Phlip wrote:
7stud -- wrote:
That doesn't work for me. And I couldn't figure out the escaping
necessary to handle both a name entered with a single quote or a double
quote. I thought I understood ruby escaping, but not anymore.
You understand Ruby escaping - just not XPath escaping. There is none.
Ah. Ok.
If you
use ' to delimit a string, you cannot use ' inside it. I would love to
be proven
wrong, but I did research this for quite a while.
Why didn't my $name substitution work? It's in the rdocs...
f = File.new('xml4.xml')
doc = Document.new(f)
input_name = gets
input_name = input_name.chomp
target = XPath.match(doc, "//programmer[text() = 'John']")

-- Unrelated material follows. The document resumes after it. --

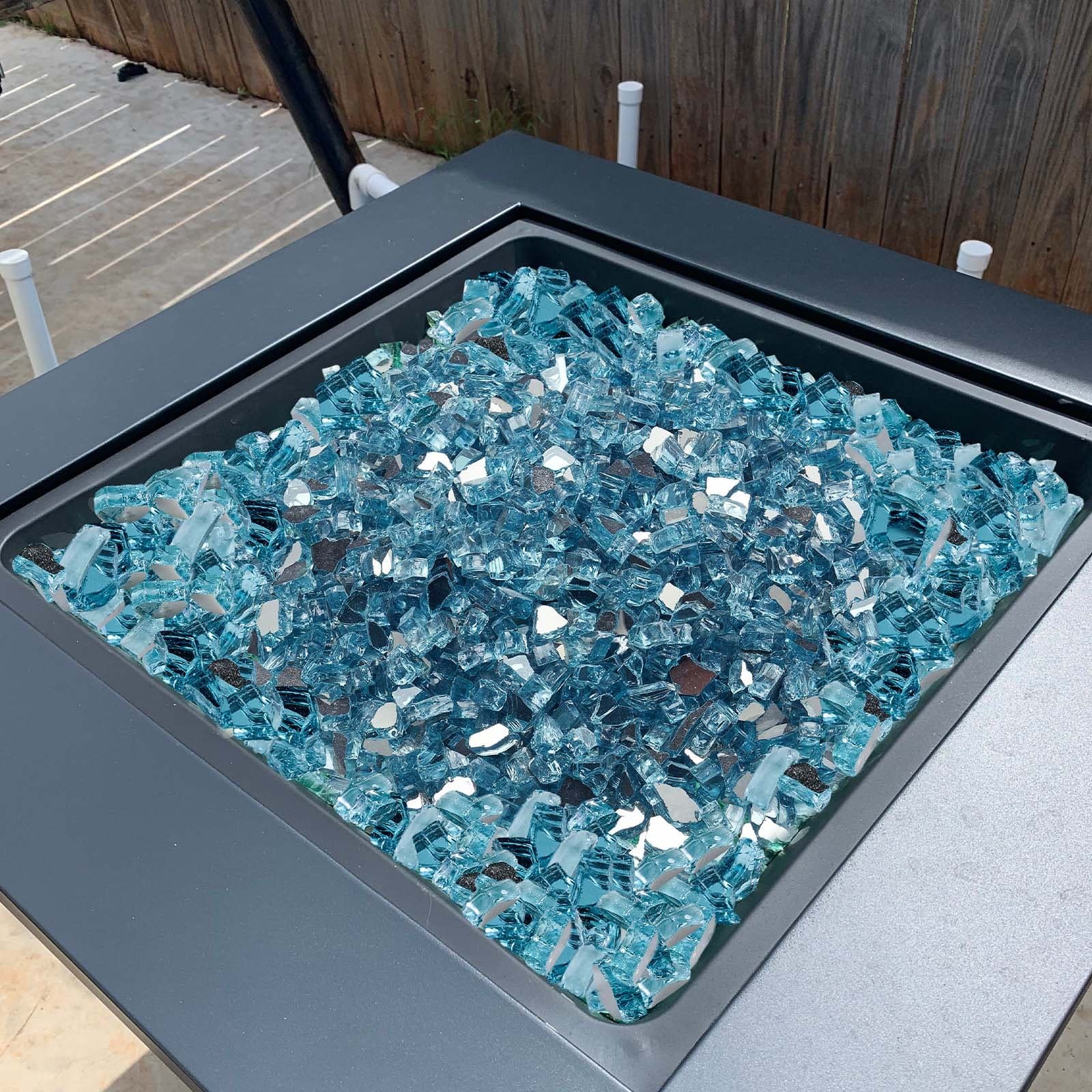 20 fontos, 1/2 hüvelykes kandallóüveg kövek tűzrakóhelyhez, Aqua Blue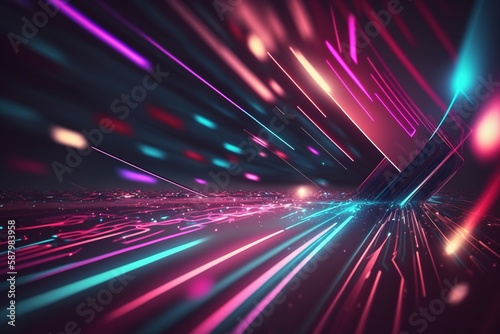 abstract futuristic  background with pink blue glowing neon moving high speed wave lines and bokeh lights. Data transfer concept Fantastic wallpaper © AKKA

puts target[0].attributes["age"]
Wouldn't this work?
target = XPath.match(doc, "//programmer[text() = $name]", :name =>
$john)
I don't know what you are trying to do there. What is $john? This
doesn't work for me:
<xml version="1.0" encoding="ISO-8859-1"?>
<programmers>
<programmer age="50">Joh'n</programmer>
<programmer age="30">Sally</programmer>
</programmers>
require 'rexml/document'
include REXML
f = File.new('xml4.xml')
doc = Document.new(f)
input_name = gets
input_name = input_name.chomp
p input_name
target = XPath.match(doc, "//programmer[text() = $name]", :name =>
$input_name)
p target
puts target[0].attributes["age"]
--output:--
$ ruby r1test.rb
Joh'n
"Joh'n"
r1test.rb:14: undefined method `attributes' for nil:NilClass
(NoMethodError)
I thought the question you presented was how are you going to be able to
handle all these cases in the xml:
<programmer age="50">John</programmer>
<programmer age="50">Joh'n</programmer>
<programmer age="50">Joh"n</programmer>
The user may type in: John, or Joh'n, or Joh"n.